Unfortunately I can't just bootstrap the application over secure channel and
fetch any content over not secure channels, as it'd be trivial to then poison
the application using the unencrypted communication. Take a Hacker News-like
application: Let's say that news and comments can be accessed over unsecure
channel and voting and authentication are performed over TLS. Even though the
authorized operations are safe, the data could be poisoned over unsecure
channel — for example the user-id could be manipulated and the user would end
up voting securely for someone else's post. To mitigate it, all data would
have to be fetched over secure channel. However currently this is all or
nothing, by fetching public data over TLS, one has to pay the encryption tax —
in both CPU time, as well as in disabling any caching middleware.

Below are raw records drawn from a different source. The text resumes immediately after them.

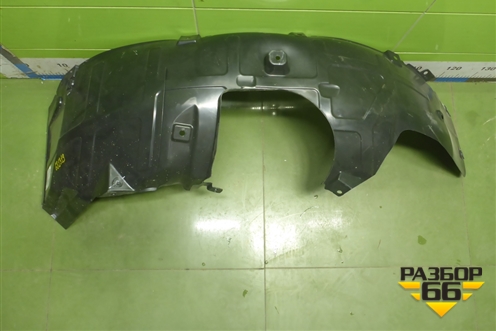 Локер передний правый (новый) (5035090700) для Geely Coolray с 2019-2025г (Кулрей)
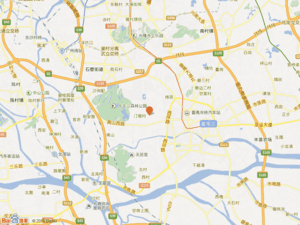市桥北大平村小区图片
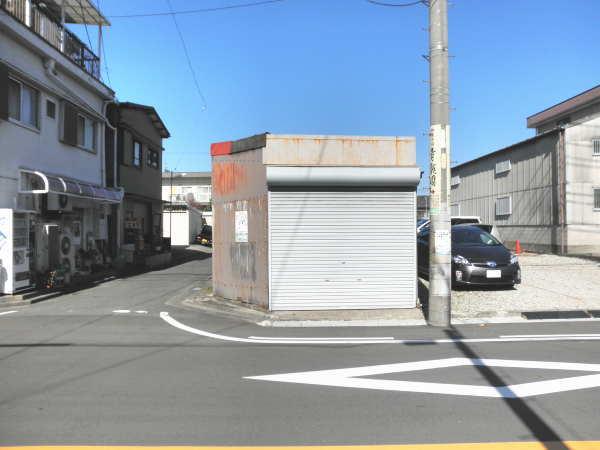 ワイズ・真清田 第6駐車場の外観・駐車場イメージ3枚目
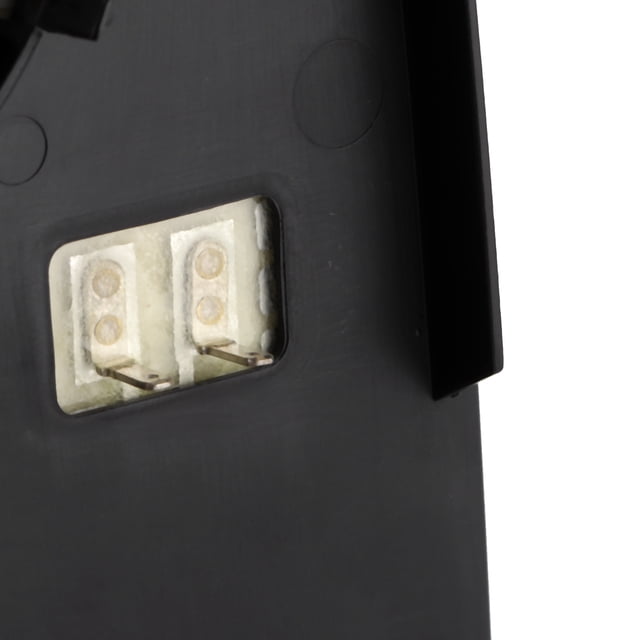 Cristal De Espejo Lateral, Cristal De Espejo Retrovisor Plug And Play Para MK8 2014-ON Para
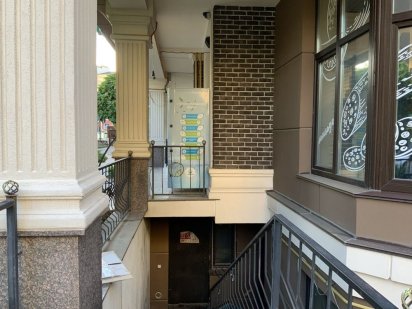 Оренда комерційного приміщення Софіївська Борщагівка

Of course singing HTTP messages wouldn't be just TLS-light, since the messages
could be stored and kept as an evidence that the webserver has produced such a
message, which is different to TLS session-based guarantees, but it should be
fine for what I need. This is why I was interested to know if such an approach
would not degrade the security of the web application below what bi-
directional TLS could offer.

I suppose this is not the most exciting use for client-side cryptography right
now…

I think the web-application are increasingly going in the direction of
reinventing Java applets anyway. There are few components that are needed for
that and that will be gradually introduced: 1) Application that can be
installed and launched locally (e.g. more sophisticated version of Chrome
Webappstore). Once you have that, you basically have RPM in browser. 2)
Capabilities system that controls what and how an application can access. All
the pieces are already in there: web extensions, mobile apps, etc. 3)
Pluggable storage to eliminate the need for storing data on the remote server.
There is LocalStorage and IndexedDB already, now it's just a matter of time
till Chrome adds Google Storage, Apple adds iCloud, Ubuntu adds UbuntuOne etc.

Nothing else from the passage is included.